■ To do ■
Write out the full listing exactly as given, minus the images.

::::

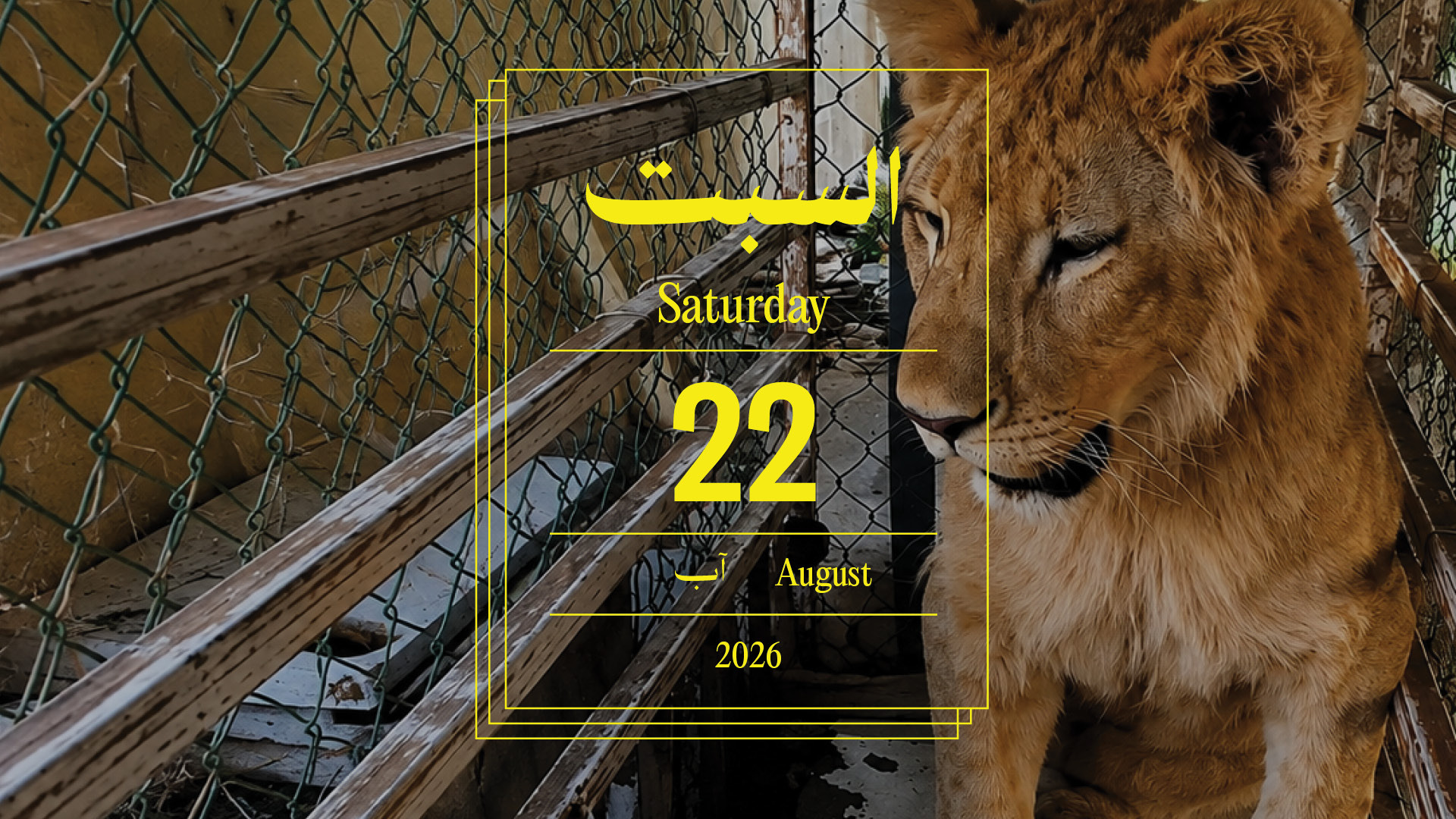 حدث اليوم - السبت 22 آب 2026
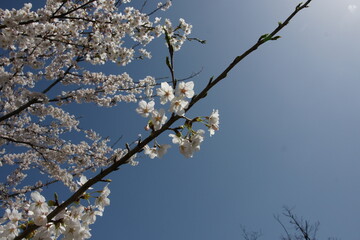 SONY DSC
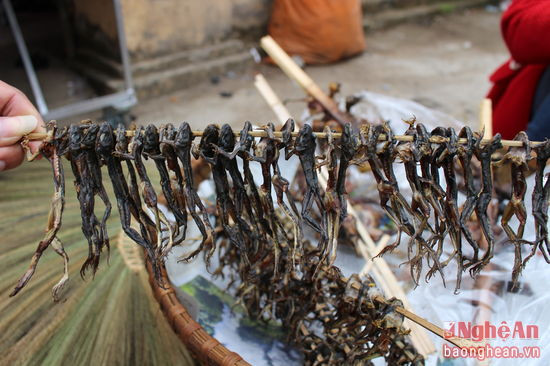 3.Chị Kha Thị Duyên – Bản Na Tổng cho biết “ Mấy ngày này nắng ấm nên gia đình chị bán được nhái rất, sau khi bắt về chì làm sạch treo trên bếp để đến chợ phiên đem bán” nhái được bà con mua về để nấu món nhoọc đây là mon ăn rất yêu thích của đồng bào dân tộc Thái miền Tây Nghệ An4.Mỗi xâu nhái như thế này được chị Duyên bán 10.000 đồng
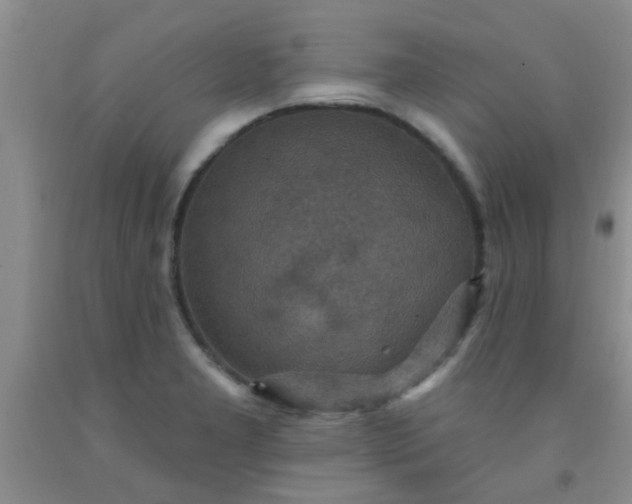 X0000092031277200709201604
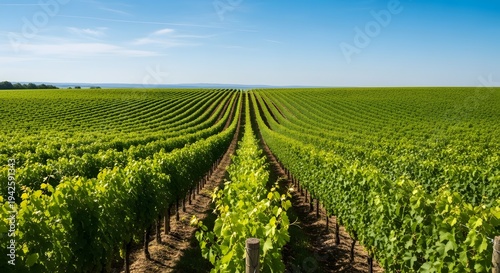 Vineyard landscape with lush green grapevines under a clear blue sky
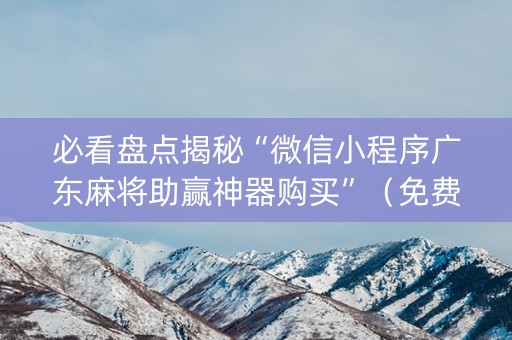 必看盘点揭秘“微信小程序广东麻将助赢神器购买”（免费辅助)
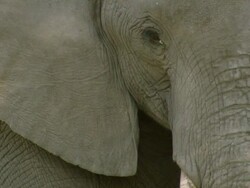 ECU Shot of elephants eye / Okavango Delta, North West District, Botswana Stock Footage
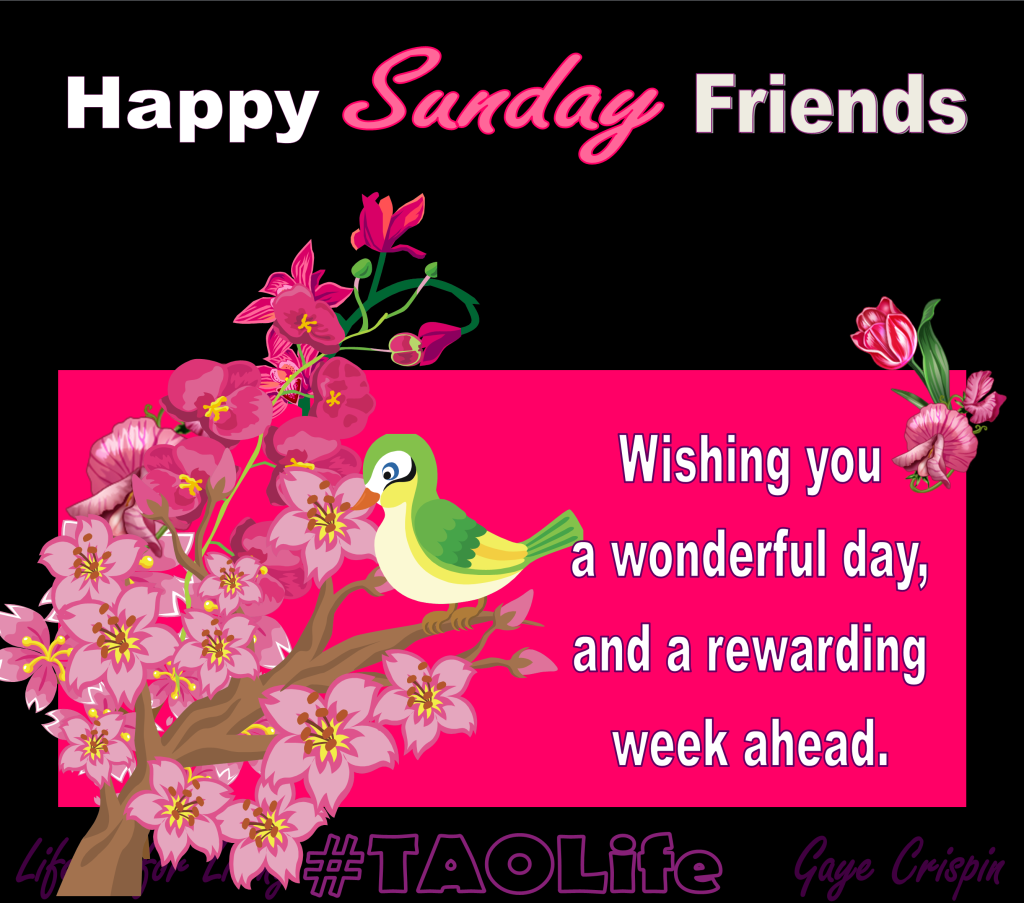 Happy Sunday Friends Pictures, Photos, And Images For Facebook, Tumblr, Pinterest, - Happy Monday, Transparent background PNG HD thumbnail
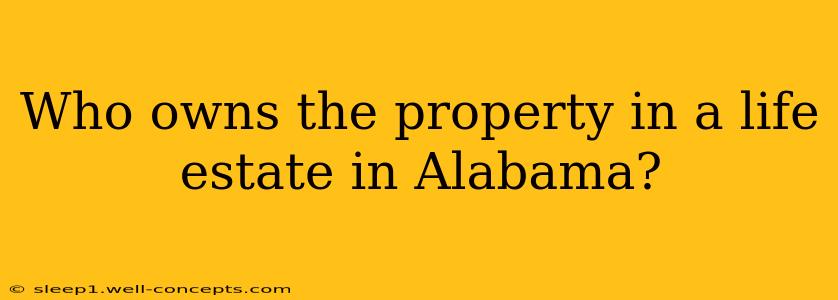 Who owns the property in a life estate in Alabama?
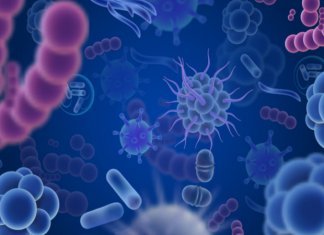 South Africa’s UWC IMBM Biobank Hosts One of the World’s Richest Microbial Collections University of the Western Cape (UWC) Biobank Continues to Grow after it earns Spot as One of Seven National Biobanks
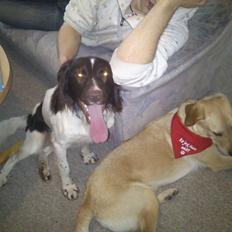 Kleiner münsterländer Futte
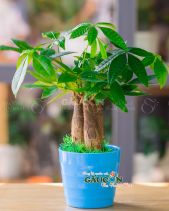 Cây Xanh Văn Phòng - belovedbeyond.com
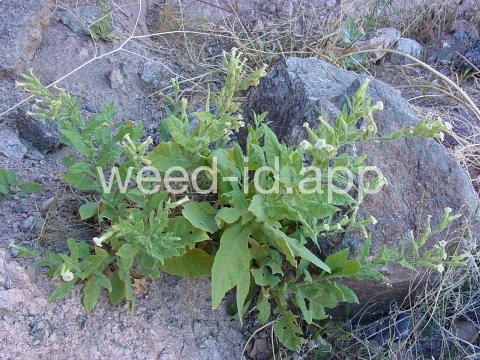 tobacco, desert
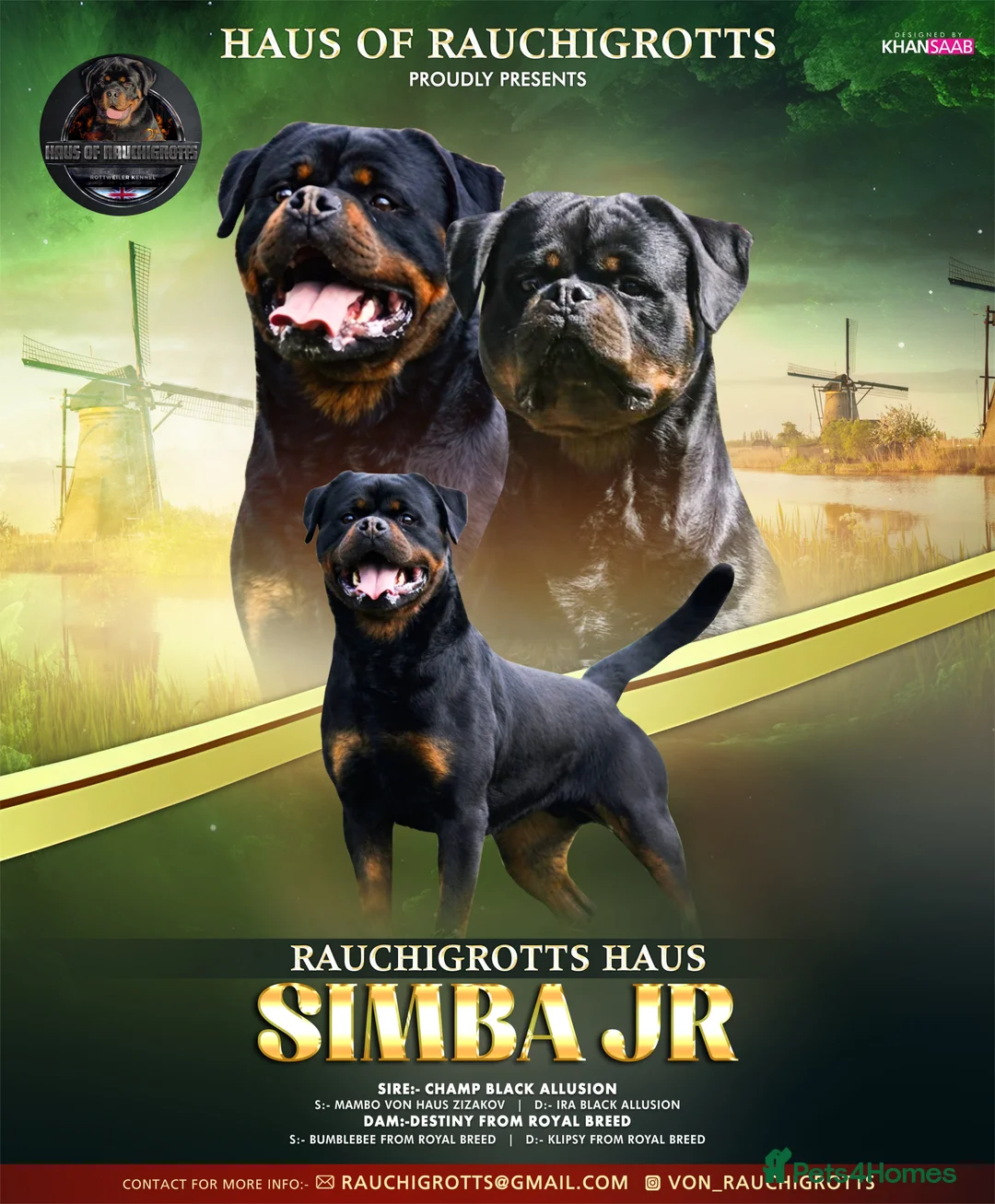 Rottweiler dogs for stud: Top KC Registered Rottweiler Stud Simba - Advert 1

::::

■ Task output ■
 حدث اليوم - السبت 22 آب 2026
 SONY DSC
 3.Chị Kha Thị Duyên – Bản Na Tổng cho biết “ Mấy ngày này nắng ấm nên gia đình chị bán được nhái rất, sau khi bắt về chì làm sạch treo trên bếp để đến chợ phiên đem bán” nhái được bà con mua về để nấu món nhoọc đây là mon ăn rất yêu thích của đồng bào dân tộc Thái miền Tây Nghệ An4.Mỗi xâu nhái như thế này được chị Duyên bán 10.000 đồng
 X0000092031277200709201604
 Vineyard landscape with lush green grapevines under a clear blue sky
 必看盘点揭秘“微信小程序广东麻将助赢神器购买”（免费辅助)
 ECU Shot of elephants eye / Okavango Delta, North West District, Botswana Stock Footage
 Happy Sunday Friends Pictures, Photos, And Images For Facebook, Tumblr, Pinterest, - Happy Monday, Transparent background PNG HD thumbnail
 Who owns the property in a life estate in Alabama?
 South Africa’s UWC IMBM Biobank Hosts One of the World’s Richest Microbial Collections University of the Western Cape (UWC) Biobank Continues to Grow after it earns Spot as One of Seven National Biobanks
 Kleiner münsterländer Futte
 Cây Xanh Văn Phòng - belovedbeyond.com
 tobacco, desert
 Rottweiler dogs for stud: Top KC Registered Rottweiler Stud Simba - Advert 1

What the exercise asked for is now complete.